Type I cases can generally be dated by the letter code (or at least grouped by significant characteristics) but with a Type III it's not so simple.
"TO" only tells us that it's 1966 or newer and came equipped with carburetors, which encompasses five different "sub-breeds" of case.
("UO" is `68-up fuel-injected, still four case possibilities)

Generally speaking the significant characteristics - such as alloy, oil-passage and pump stud sizes, single- or dual-relief - are the same as those of a contemporary Type I case. A `66/67 Type III case compares to an ""FO" or "HO" Type I, a `68/`69 to an "H5" (or "B5" from a Type II), a `70 to a "B6", a`71-up w/10mm studs to an "AE", or a `73 w/8mm studs to an "AH"...that's the order of desirability, from lowest to highest, as well - other than the H5/B5 which belong in the scrap barrel.

Because yours has the sunken-stud mod it's probably a `71 or newer dual-relief case and the alloy shouldn't be an issue (should be AS41, look for that cast into the side of the sump).

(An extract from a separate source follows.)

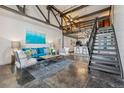 Spacious living room with concrete floors, exposed beams, open staircase, and modern furnishings at 1111 Osage St # 29, Denver, CO 80204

Another good sign is the presence of horizontal ribs cast into the case, like a little washboard, on the angled panel above where a Type I dipstick tube is - those debuted partway into 1971 model-year production
These cases aren't infamous for head stud threads pulling, warping, or cracking like the H5/B5-type were but in deference to their age I still have them inserted, even when building a stocker, as insurance against remorse down the road for trying to save a little money. You don't have to do it, but I strongly recommend it - if you do, be sure to retain the sunken stud and make sure that your drill press bed is level so you don't end up with a "porcupine".

Don't forget the crank/flywheel junction - if you don't 8-dowel, you'll need to possess the restraint to never, ever show off with burnout attempts or even hard launches. Even a relatively mild 1775 is capable of shedding a 4-dowelled flywheel if abused.

Don't over-cam it; with the stock crank you should be shifting by ~5000 RPM so it's pointless to use a cam designed to pull beyond that. Something in the low to mid 230s effective duration (@.050"). Most of these should have entry-level HD singles (Engle W-100 can work with good stock springs). Bugpack 4061-10's a good Bus cam. Don't know if you can still get an Erson E746522 but its 106° LSA enhances low-end torque (doesn't help fuel economy though).